ONE
Introduction
Chapter Contents
The Status of Statistics in the Social Sciences
My Approach
Overview
The Status of Statistics in the Social Sciences
The history of social sciences after the Second World War can easily lead people to believe that statistical methods have enjoyed not only legitimacy but popularity (Raftery, 2001). First of all, some social scientists have made significant contributions by employing and developing statistical methods, for example, Paul Lazarfeld, Hubert Blalock, Otis Dudley Duncan, Leo Goodman, to name only a few of the most influential. For the past few decades, statistical methods have become so popular that, for some, it is the only tool in their research toolbox. In addition, some leading academic journals regularly publish papers based on sophisticated statistical methods. Institutionally, nearly all sociology, political science, and business departments in American universities now make learning statistics compulsory.
Nevertheless, there has always been a voice of caution, if not utter objection, to using statistical methods in the social sciences. Back in the mid-1950s, Hubert Blumer (1956) pointed out several problems with quantitative methods in general when used to understand group processes and cultural values. However, he did not offer an attractive alternative to statistical methods for constructing powerful models built on a large amount of data. More recent critiques have been highly specific and therefore more compelling, many coming from quantitative methodologists themselves, including Otis Duncan, Aage Sorenson, David Freedman, and Richard Berk.
At the core of the controversies is the connection between social theories and statistical models. A widely criticized bad practice is to turn every theory into a variety of linear regression models and to take the results as proof or disproof of the theory. We shall learn the details of such models in Chapter 7. For now, the reader may want to take a note that we need to exercise care when using statistical models and be cautious about what we can say based on the results. Furthermore, social researchers can find many better uses for statistics other than just running models to support theories. Identifying what statistical methods are good at and not good at will be the task of this chapter.
The controversial status of statistics in social research is evident in the UK. Initially, the quantitative wave seemed not to have spilled over to British social sciences – academic publications are highly discursive and qualitative, and only a handful of sociology departments make the learning of quantitative methods compulsory. Although it is not true that all British social scientists shy away from statistical methods, I believe it is safe to say three things about ‘quantitative social researchers’ in the UK:
(1) | Most researchers are clustered in a handful of institutions, including Essex, Lancaster, Manchester, Oxford, and Surrey. |
(2) | Instead of being sociologists or political scientists, many are ‘policy researchers’. They work on issues that are connected to government policies, such as education, poverty, employment, ethnicity, election turnout and so forth, and are concerned more with the implications of their research results for policies than for the growth of knowledge. |
(3) | Most are specialists on the collection and management of a large data set, such as the British Household Panel Study, British Social Attitudes Survey, British Crime Survey. |
What all this means is that although there are some strongholds of quantitative methods in the UK, in most institutions such methods are not integral parts of sociology. Consequently, when voices lamenting the lack of quantitative skills in British social sciences are raised, such as those of the Economic and Social Research Council (ESRC) and Royal Statistical Society (RSS),1 most often they are those of statisticians. It would be much easier to improve the quality of statistical analysis if sociologists themselves joined the debate.

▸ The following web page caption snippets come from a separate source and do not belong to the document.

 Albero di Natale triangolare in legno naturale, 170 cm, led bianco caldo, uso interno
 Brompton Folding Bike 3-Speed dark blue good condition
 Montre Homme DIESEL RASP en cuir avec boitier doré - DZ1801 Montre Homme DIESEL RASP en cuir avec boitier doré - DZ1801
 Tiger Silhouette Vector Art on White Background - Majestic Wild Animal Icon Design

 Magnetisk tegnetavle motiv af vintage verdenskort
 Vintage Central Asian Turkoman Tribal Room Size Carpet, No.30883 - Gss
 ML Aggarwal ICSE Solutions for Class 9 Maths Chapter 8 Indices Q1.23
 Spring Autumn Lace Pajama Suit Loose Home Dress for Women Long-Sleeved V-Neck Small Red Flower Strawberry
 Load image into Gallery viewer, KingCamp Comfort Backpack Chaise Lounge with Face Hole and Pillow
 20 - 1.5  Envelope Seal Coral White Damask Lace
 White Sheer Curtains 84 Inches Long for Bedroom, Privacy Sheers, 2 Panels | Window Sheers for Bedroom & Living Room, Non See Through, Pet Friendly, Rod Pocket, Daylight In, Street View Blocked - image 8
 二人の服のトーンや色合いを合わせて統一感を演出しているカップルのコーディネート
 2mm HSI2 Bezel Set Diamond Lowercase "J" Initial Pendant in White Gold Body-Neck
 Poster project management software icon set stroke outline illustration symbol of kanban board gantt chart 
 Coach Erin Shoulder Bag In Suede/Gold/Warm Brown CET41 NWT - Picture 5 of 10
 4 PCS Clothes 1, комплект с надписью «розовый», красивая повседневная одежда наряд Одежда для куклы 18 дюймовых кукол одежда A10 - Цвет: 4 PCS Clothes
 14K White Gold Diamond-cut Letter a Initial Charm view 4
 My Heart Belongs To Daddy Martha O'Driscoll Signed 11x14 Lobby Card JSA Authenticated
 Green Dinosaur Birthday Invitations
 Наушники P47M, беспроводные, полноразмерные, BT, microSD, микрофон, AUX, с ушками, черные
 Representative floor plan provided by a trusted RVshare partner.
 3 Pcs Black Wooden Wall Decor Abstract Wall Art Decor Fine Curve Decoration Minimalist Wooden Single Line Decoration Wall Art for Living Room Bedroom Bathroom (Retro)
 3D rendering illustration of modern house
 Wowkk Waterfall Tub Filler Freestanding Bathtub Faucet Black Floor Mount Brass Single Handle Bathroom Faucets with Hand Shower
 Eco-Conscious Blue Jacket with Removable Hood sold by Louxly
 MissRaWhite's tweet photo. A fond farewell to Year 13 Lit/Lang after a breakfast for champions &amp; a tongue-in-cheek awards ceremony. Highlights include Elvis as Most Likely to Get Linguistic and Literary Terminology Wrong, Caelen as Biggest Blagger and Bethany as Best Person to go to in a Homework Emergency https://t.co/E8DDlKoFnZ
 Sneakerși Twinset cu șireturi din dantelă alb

Institutional initiatives assume that this is purely an issue of training. It is unclear, however, how social scientists in the UK view statistics in the first place. It will be very hard to improve the situation if it is an attitude problem. Why do most British social researchers shy away from statistics? Is it because they know that they are not mathematically competent and are put off by the difficulties of learning statistics? If this is the case, then it is simply a training problem. There is another possibility, however, that they believe that the limitations of statistics are too serious for it to be useful. The most perilous situation, in my view, would be one in which established social scientists in the UK discourage their students from learning and using statistics for reasons other than the accepted limitations of statistics, such as rejecting statistical methods as an example of positivism, thereby depriving social science students of the opportunity to learn how to use statistics carefully and thoughtfully.
All in all, the status of statistics in social sciences is not as secure and widely accepted as it initially appears. It is important to point this out at the beginning, especially for those who are about to learn and use statistical methods seriously. It may sound disheartening, but it is more helpful to tell a sad truth than a happy lie. Most importantly, we should address the question of what statistical methods can (or cannot) do for social research.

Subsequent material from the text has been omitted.